What if the ECG shows multiple abnormalities?

Address findings in order of clinical urgency: life-threatening first (STEMI, VT, complete heart block), then significant chronic findings (LVH, old MI), then minor findings if time permits. State “There are multiple findings here…” and prioritize systematically.

Should I use the ECG ruler provided in the station?

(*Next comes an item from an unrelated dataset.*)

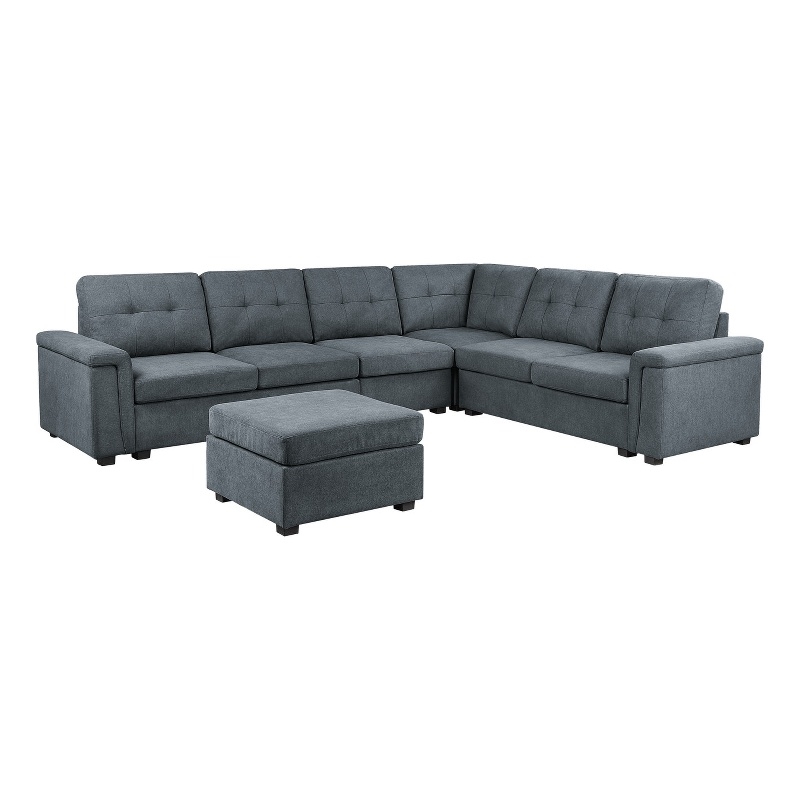 Isla Gray Woven Fabric 7-Seater Corner Sectional Sofa with Ottoman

Use it if needed to accurately measure intervals, but don’t waste time measuring everything precisely. Quick estimation is usually sufficient. Reserve ruler for borderline cases where exact measurement changes management (e.g., QT interval, PR interval).

Daily Practice Strategy:

Week 1-2: Foundation

• Review RRID-QRST-A framework daily
• Practice normal ECGs (recognize what normal looks like)
• Master the Big 3: STEMI, AF, NSTEMI

Week 3-4: Expansion

• Add bundle branch blocks
• Master heart blocks
• Learn LVH criteria

Week 5-6: Integration

• Practice mixed cases
• Timed interpretation (2-3 minutes per ECG)
• Focus on verbalization

Week 7-8: Refinement

• Difficult cases and variants
• Integration with clinical scenarios
• Mock OSCE practice

Daily Commitment: 30 minutes = 5-10 ECGs reviewed systematically

The Four-Domain ECG Success Strategy

Combine ECG mastery with complementary domains:

1. ECG Interpretation (1 station per exam)
2. Physical Examination (3-4 stations per exam)
3. Counselling (2 stations per exam)
4. Procedural Skills (1-2 stations per exam)

Combined Impact: These four trainable domains provide 7-10 stations with systematic, predictable mark allocation.

Strategic Advantage: While unprepared candidates stress over random clinical cases, you’re systematically banking marks in high-yield, trainable domains.